O excerto do texto do autor ainda inclui citações do artigo KNAUSS, P. & MAIA, E. (2014). Niterói, 1964 – Memórias da Prisão Esquecida. A Operação Limpeza e o cárcere político do Caio Martins. Revista Acervo, Rio de Janeiro, v. 27, n º 1, p. 99 – 120, jan./jun.

O artigo completo encontra-se acessível em https://www.academia.edu.

4 comentários:

jornal da grande natal disse...

Me tire uma dúvida.
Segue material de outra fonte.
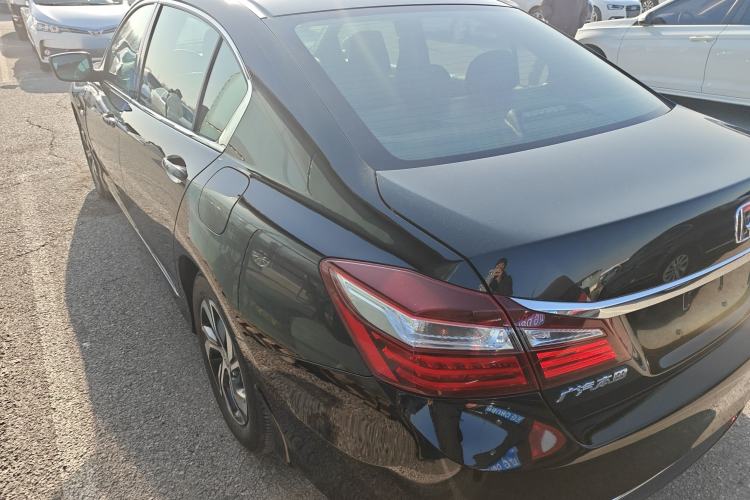 Used Honda Accord 2016 2.0L Comfort Edition
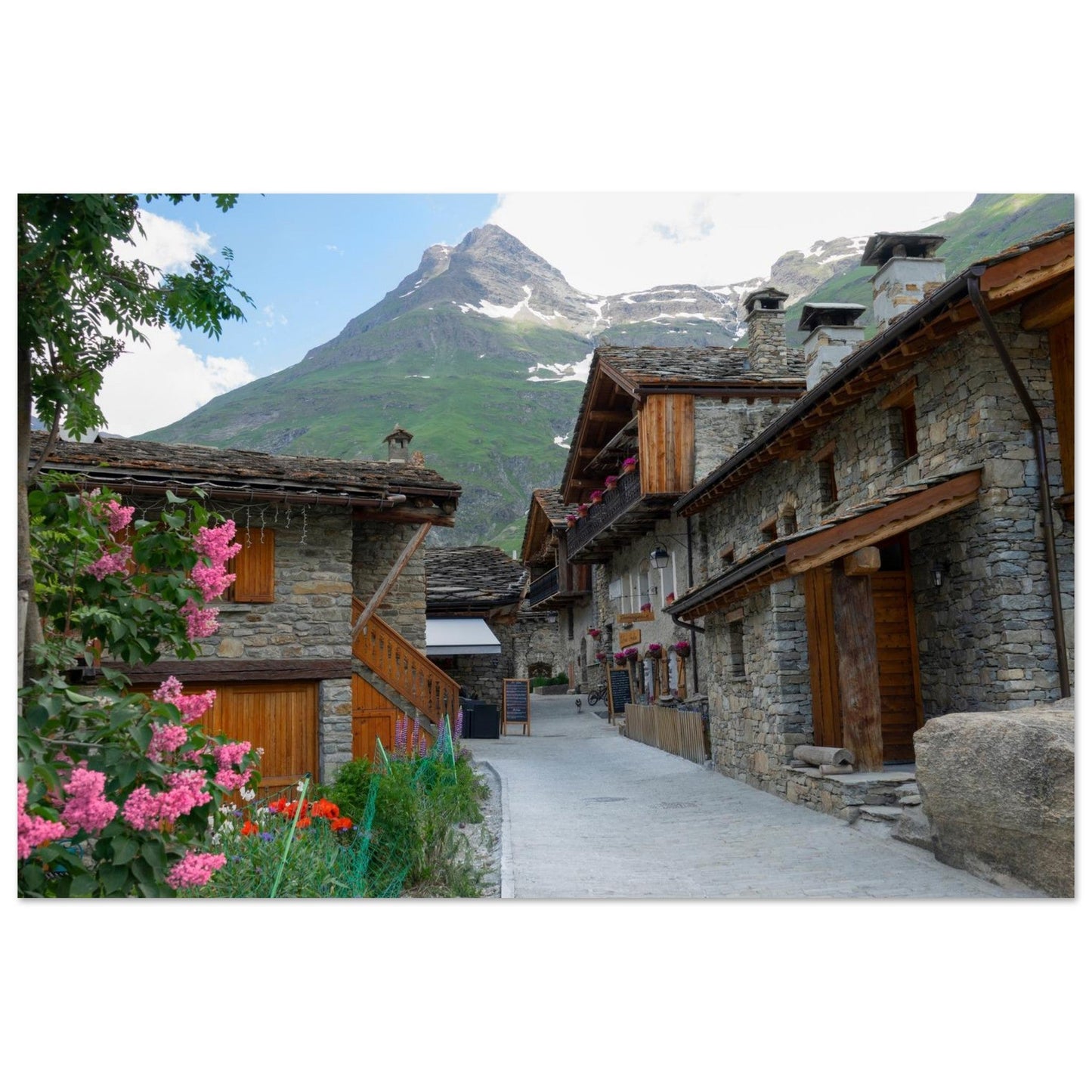 Photo of the flowery alleyways of Bonneval-sur-Arc in summer — photo print on matte aluminium Dibond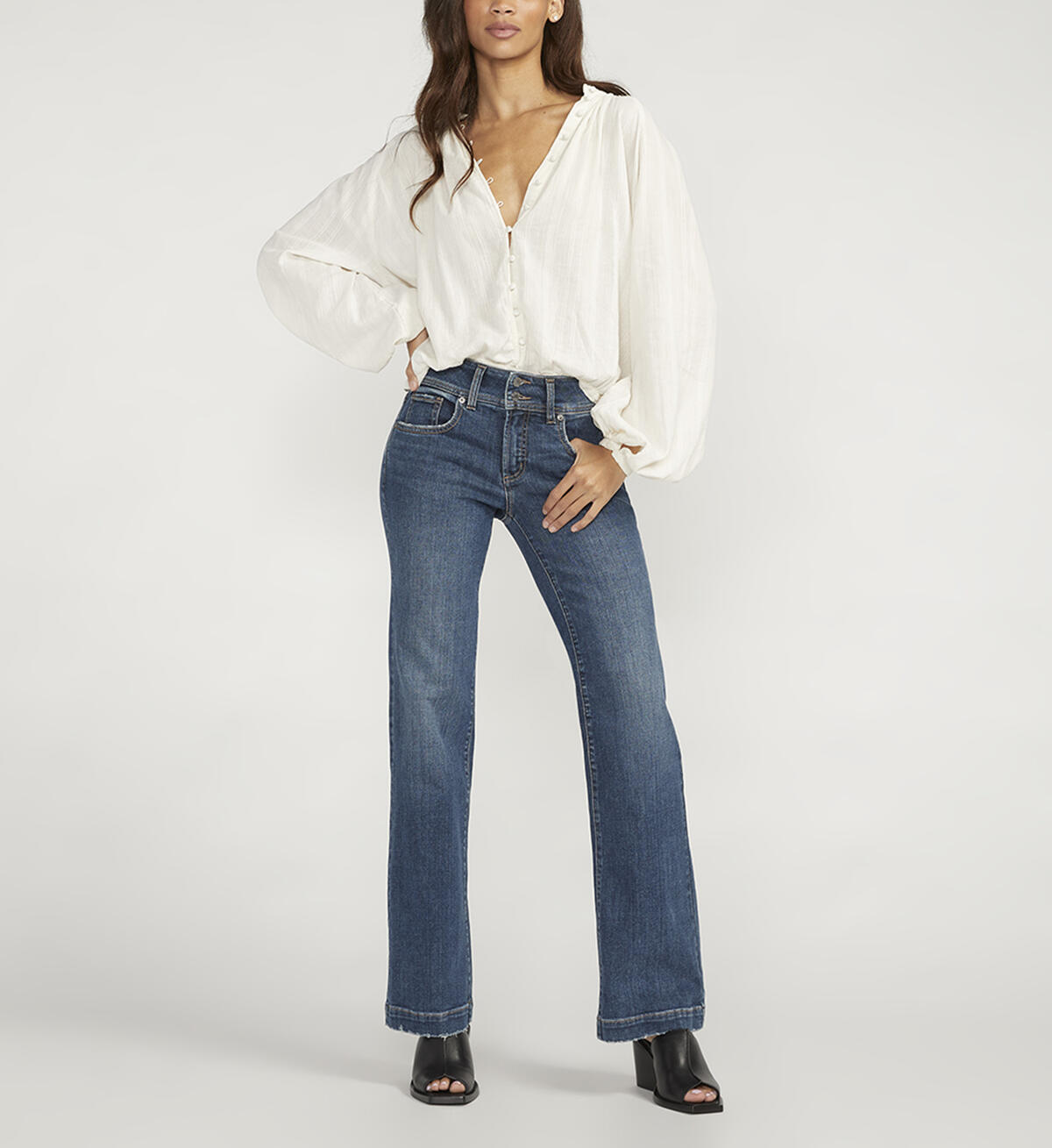 Silver Jeans Co. Suki Curvy Mid Rise Trouser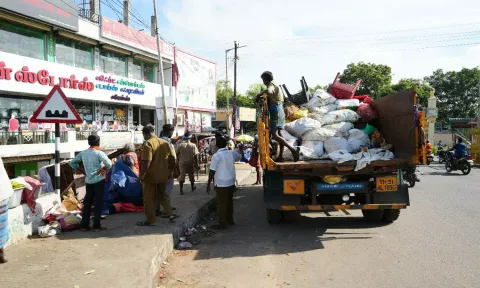 பாலத்தின் மீதுள்ள நடைபாதை கடைகளை விருத்தாசலம் நகராட்சி ஊழியர்கள் அகற்றுவதை படத்தில் காணலாம்.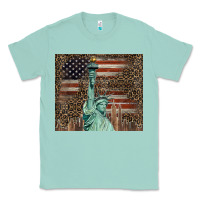 Seafoam statue of liberty tumbler Classic Tee - BarkalooDesign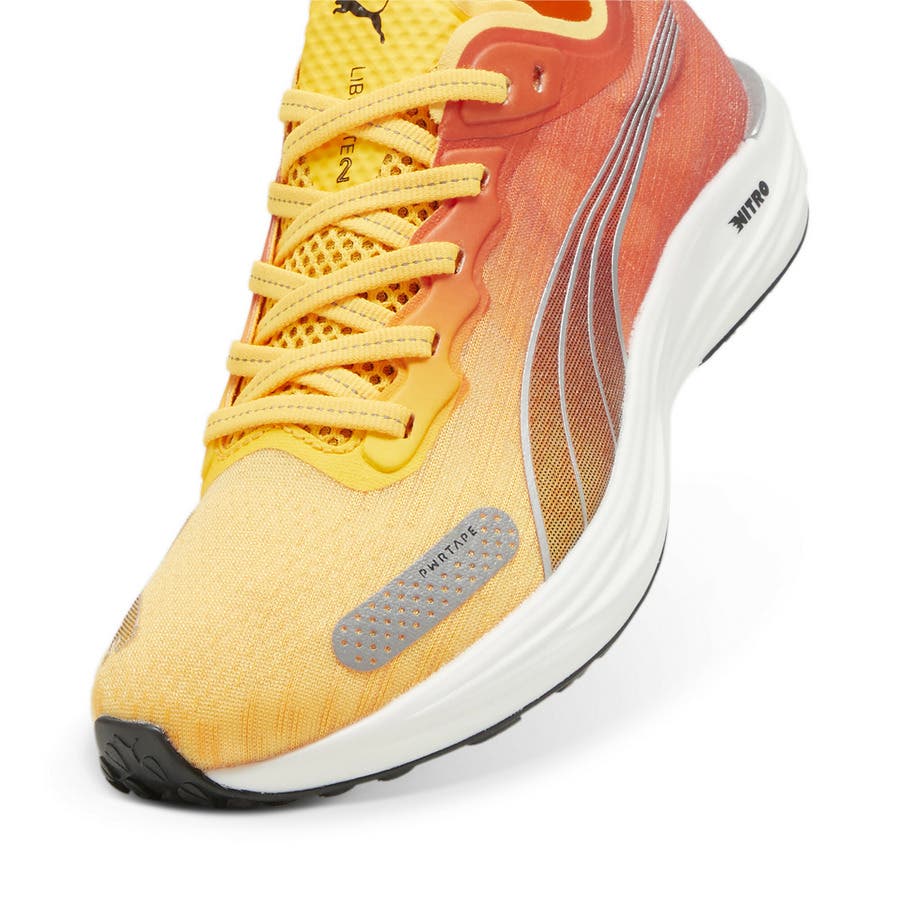 ウィメンズ リベレイト ニトロ 2 ランニングシューズ[品番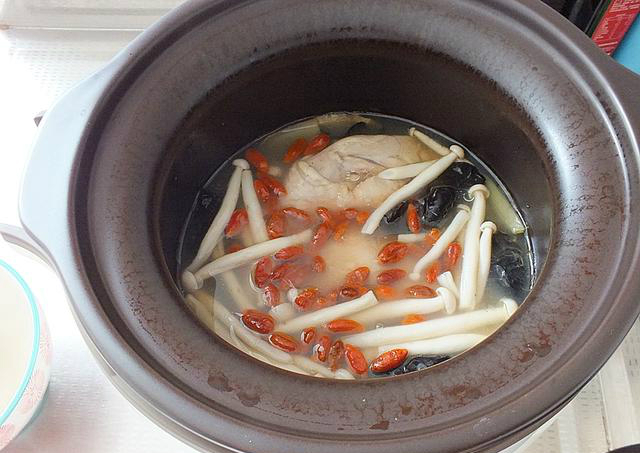 为什么自己炖的鸡汤那么油,为什么炖的鸡汤不够清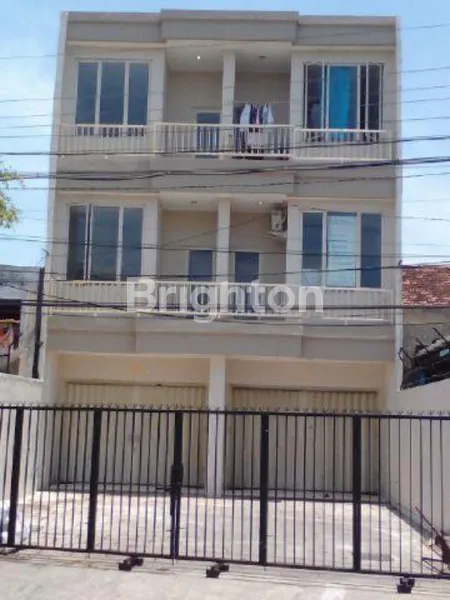 image RUKO 3 LANTAI RAYA SUKOMANUNGGAL BANYUURIP ADA AKSES PARKIR  (1)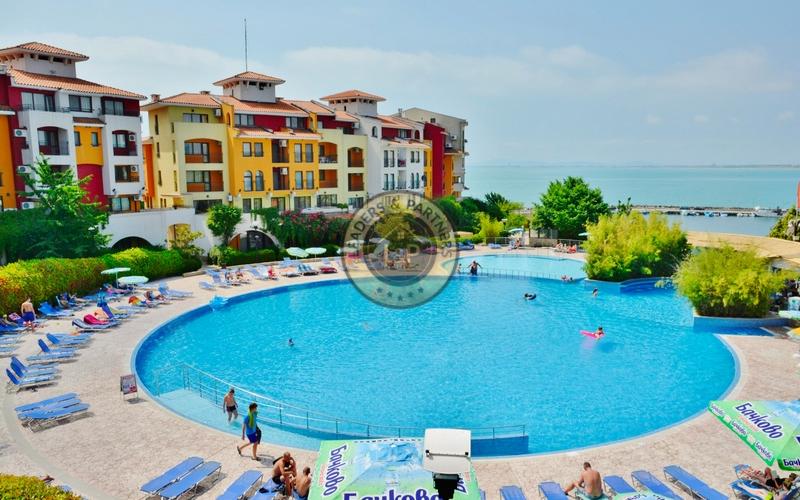 Štúdio 1+kk s balkónom a bazénom Aheloy-Bulharsko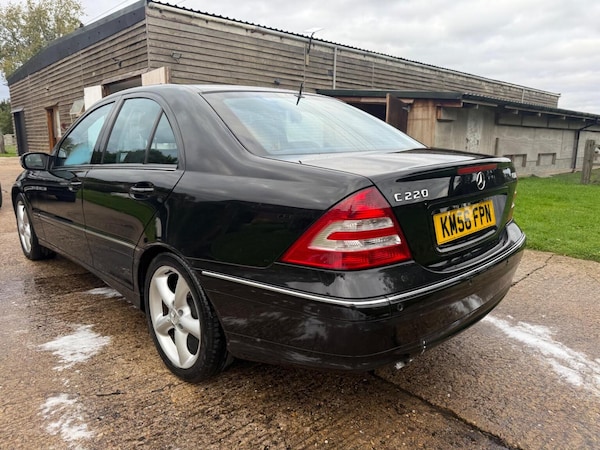Used Mercedes-Benz C-Class 2006 for sale - 76231647: Photo 4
E não tinham mudado o nome para homenagear Zizinho?

Ruy Moura disse...

Sim, os vereadores do Rio mudaram o nome, mas como ele fora o maior ídolo do Flamengo antes de Zico, o Botafogo não gostou e continuou sendo chamado Caio Martins. Talvez passe a ser Zizinho quando o Botafogo perder a concessão do estádio, porque Zizinho nasceu em Niterói.

Abraços Gloriosos.

leymir disse...

Adoro matérias como essa,parabéns Ruy e Henrique.

Grande abraço!

Ruy Moura disse...

Procuro a diversidade, Leymir. Pesquiso bastante com esse fim. Também gosto muito de matérias dessa natureza pelo seu embasamento científico. Não são meras opiniões, são reflexões sérias e sustentadas por protocolos científicos de análise.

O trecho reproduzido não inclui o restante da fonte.